Crime(political incorrectness()) is integral to the Public Cult of Progressivism.

Accusations of “political incorrectness” serve the same function as accusations of “sin” in the now-supplanted Christian culture.  They deter (political) resistance to Progressive structures of regulating virtue.

At some point, political disagreement will become criminalized as this Public Cult consolidates power.  The tipping point may have been 2008.

Like “sin”, “political incorrectness” labels actual acts, persons or situations.  “Sin” is a Christian theological term.  “Political incorrectness” stands for a wide variety of Progressive cryptotheological terms.

08/15/13

Thoughts on Whatever Became of Sin? By Karl Menninger MD (1973) 5D

Menninger never considered that “crime” and “sin” could be related through nestedness.  To me, it seems that …

The “judgment of crime (with state punishment)” puts “particular acts of sin” into a “normal” context.

Also, “sin” is “the situation where the normal context of ‘crimes’ appears real”.

This may be written as “crime(sin())”, corresponding to the general categorical nested form of “normal context(actuality(possibility))”.

08/14/13

Thoughts on Whatever Became of Sin?
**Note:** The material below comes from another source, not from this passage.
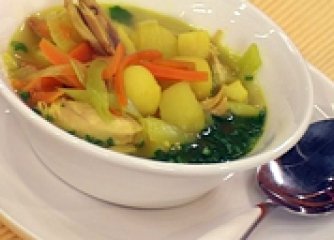 Пилешка супа със зимни зеленчуци и ов...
By Karl Menninger MD (1973) 5C

Menninger considered “crime” as “a state take-over of items formerly described as ‘sin’”.   He argued that traditional pre-modern social deterrents to sin should increase the effectiveness of the state regulation of “crimes”.

The classical social deterrents that come from being raised by disciplining parents, belonging to a church, living in community ,and training for a career, increase the effectiveness of state regulations of crimes.